Vacuum polarization corrections to hyperfine structure in many-electron atoms

TL;DR

This paper investigates vacuum polarization effects on hyperfine structure in many-electron atoms, emphasizing the importance of many-body effects for accurate corrections in precision atomic physics tests.

Contribution

It provides a detailed relativistic analysis of vacuum polarization corrections, including core relaxation and polarization effects, for alkali-metal and alkaline earth ions.

Findings

Vacuum polarization corrections are similar to hydrogenlike ions for s states.

Many-body effects significantly influence the correction's sign and magnitude.

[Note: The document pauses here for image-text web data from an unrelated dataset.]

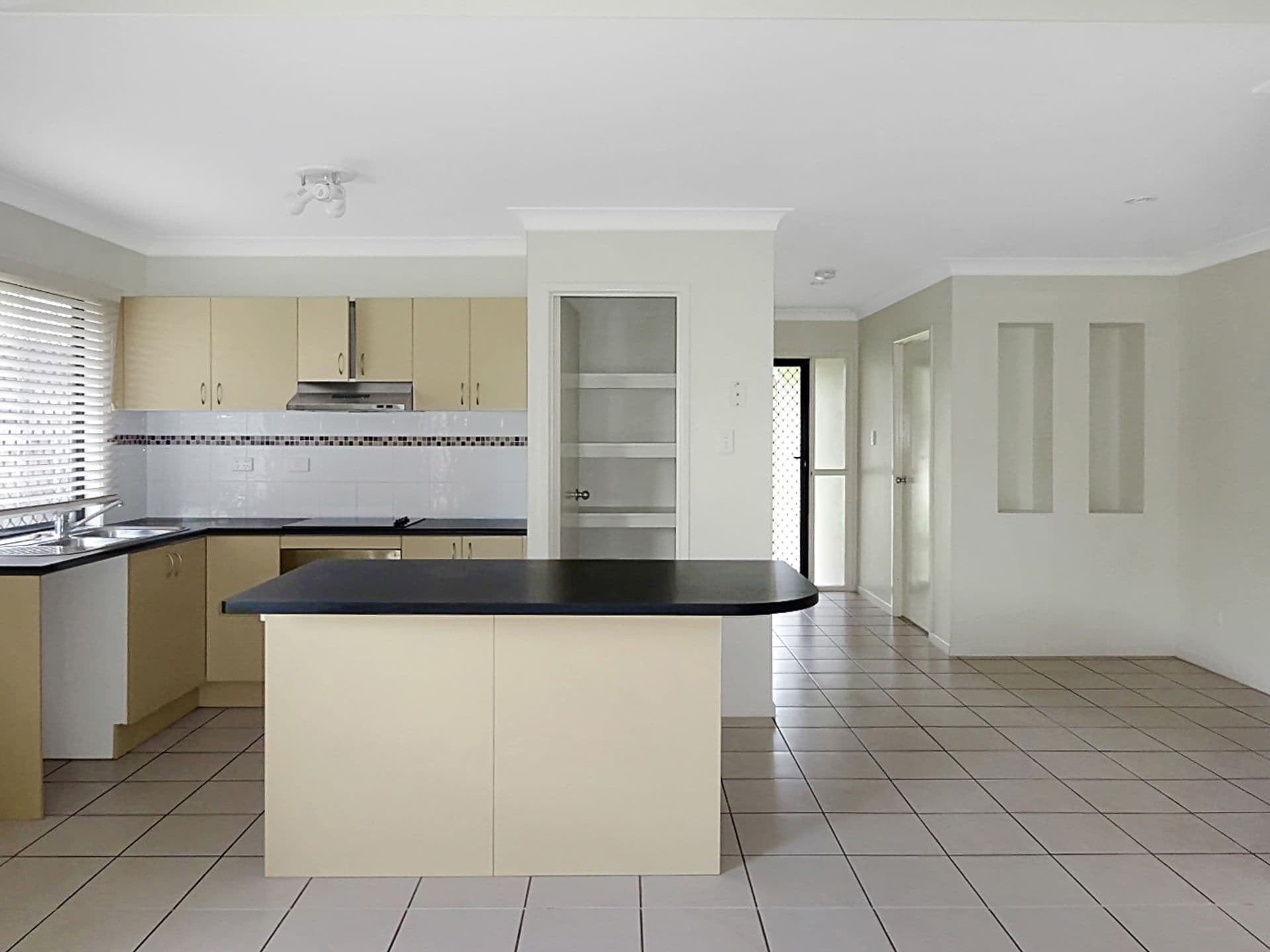 10 Henley Court, Kirwan, QLD, 4817, Kirwan - Thumbnail 3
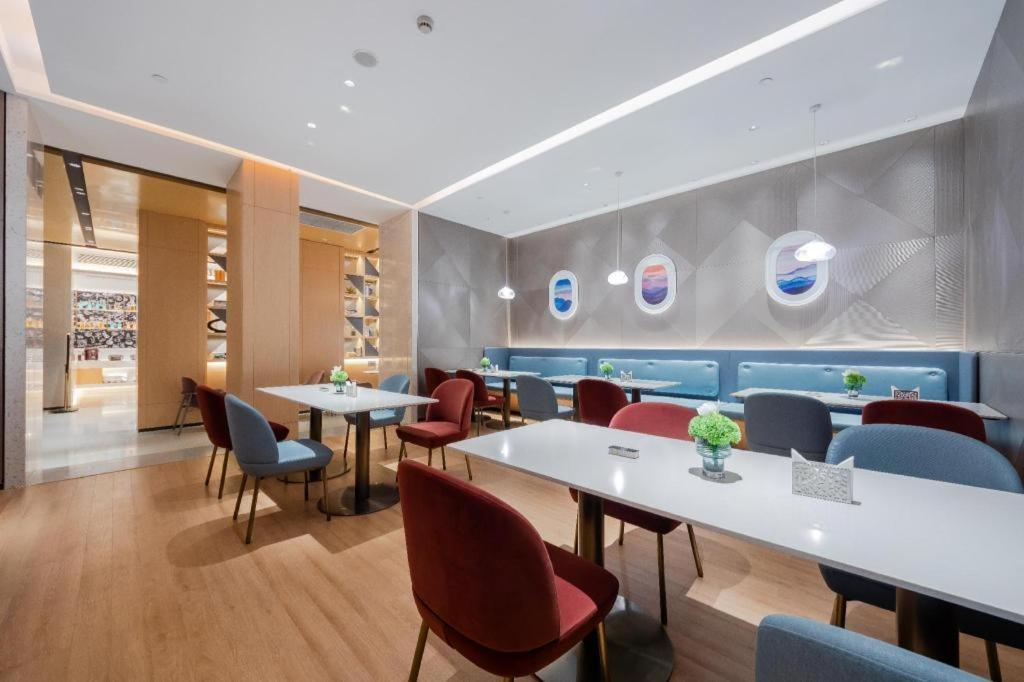 Pudong Airport Chuansha Branch Hotel 4*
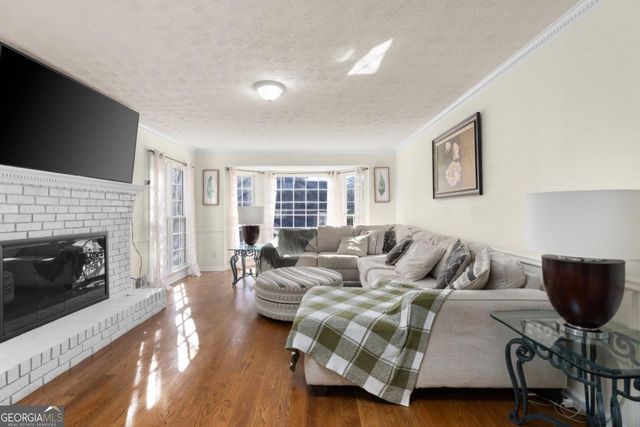 705 Springview Court, Roswell, GA 30076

Core polarization must be considered for accurate hyperfine structure calculations.

Abstract

We perform a theoretical study of vacuum polarization corrections to the hyperfine structure in many-electron atoms. Calculations are performed for systems of interest for precision atomic tests of fundamental physics belonging to the alkali-metal atoms and singly-ionized alkaline earths. The vacuum polarization is considered in the Uehling approximation, and we study the many-body effects core relaxation, core polarization, and valence-core correlations in the relativistic framework. We find that for s states, the relative vacuum polarization correction may be well-approximated by that for hydrogenlike ions, though for all other states account of many-body effects -- in particular, the polarization of the core -- is needed to obtain the correct sign and magnitude of the correction.